結婚、妊娠・出産、子育て等は個人の自由な意思決定に基づくものであり、若い世代が希望どおり結婚し、こどもを持ち、安心して子育てできる社会を実現することこそが重要です。
こどもや家族と過ごす「時間」を増やしたいという希望も叶(かな)えていく必要があります。男性育休や柔軟な働き方の推進などの支援策の充実に加え、更なる長時間労働の是正や時短勤務の推進に取り組みます。取組に積極的な企業であるほど、勤務先として選ばれ、投資家からも評価される好循環を作り出します。
20代、30代は学業、就職、結婚、出産などライフイベントが集中する人生のラッシュアワーです。若い世代の皆さんが、このラッシュアワーに備えて、人生設計を早くから考え、希望どおり人生を歩んでいけるよう、ライフデザインを支援する取組を推進していきます。
「安心感」の醸成には、将来に明るい希望を持てる実感が不可欠であり、若者・子育て世帯の所得の向上が必要です。
このためにも、長年にわたり染み付いたデフレ心理を払拭し、賃金が上がることは当たり前の社会に変えていきます。
昨年を大きく上回る春季労働交渉での力強い賃上げの流れを中小企業に広げるべく、労務費の価格転嫁、最低賃金の引上げも含め、総合的・多面的な対策を全力で講じます。本日は経済界・労働界からも多くの方々がご出席ですが、引き続き協力をお願いします。
私は、「今年、物価上昇を上回る所得増を必ず実現する」、「来年以降に、物価上昇を上回る賃上げを必ず定着させる」という2つの約束を申し上げています。完全にデフレから脱却し、わが国経済を成長型の新たな経済ステージに移行させていくことが、岸田政権の使命です。
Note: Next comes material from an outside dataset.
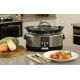 9. Crock-Pot Schongarer SCCPBPP605-0505.7l (Chrom)
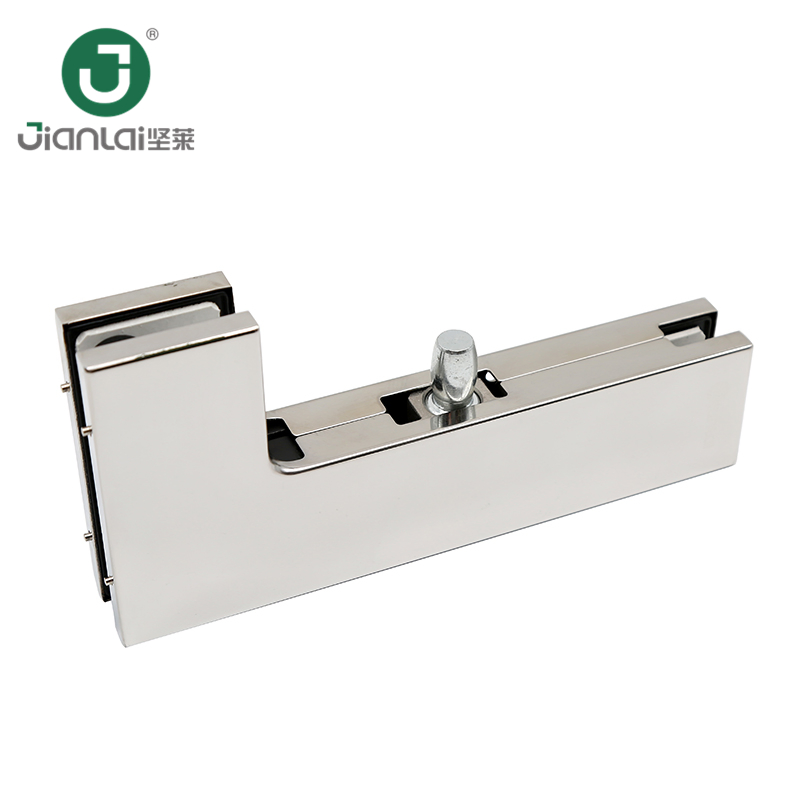 Wholesale Hardware Accessories Tempered Glass Door Patch Fitting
その先の経済についても、生産性の向上、労働参加の拡大、そして希望出生率の実現が図られれば、豊かさと幸せを実感できる持続可能な経済社会を実現できることを、定量的な試算とともに、具体的なシナリオとしてお示ししてまいります。この夏の骨太方針において、人口減少が本格化する2030年までにこうした持続可能な経済社会を軌道に乗せるための道筋を描いてまいります。
豊かさと幸せを広げて「明日は今日よりよくなる日本」と信じられる時代を何としても実現したい。若者・子育て世帯のために成し遂げなければなりません。
私たちは、ただ警鐘を鳴らすのではなく、若者・子育て世帯のために具体的に行動する重い責任を負っています。
政府が旗を振るだけでは、社会の意識は変わりません。
三村議長が方針を表明された、意識醸成のための民間推進組織の立上げを歓迎いたします。
本日は、17名の知事の皆様をはじめ、多くの自治体関係者もご参加と伺っており、自治体の取組も重要です。
皆様と力を合わせ、官民連携で、社会全体でこども・子育て世帯を支える意識を醸成していきたいと思います。
人口減少に真正面から取り組み、乗り越え、豊かさと幸せを実感できる持続可能な経済社会を次の世代に引き継ぐ。そのためにともに取り組んでいこうではありませんか。
このシンポジウムがその出発点となることを期待して、私の挨拶とさせていただきます。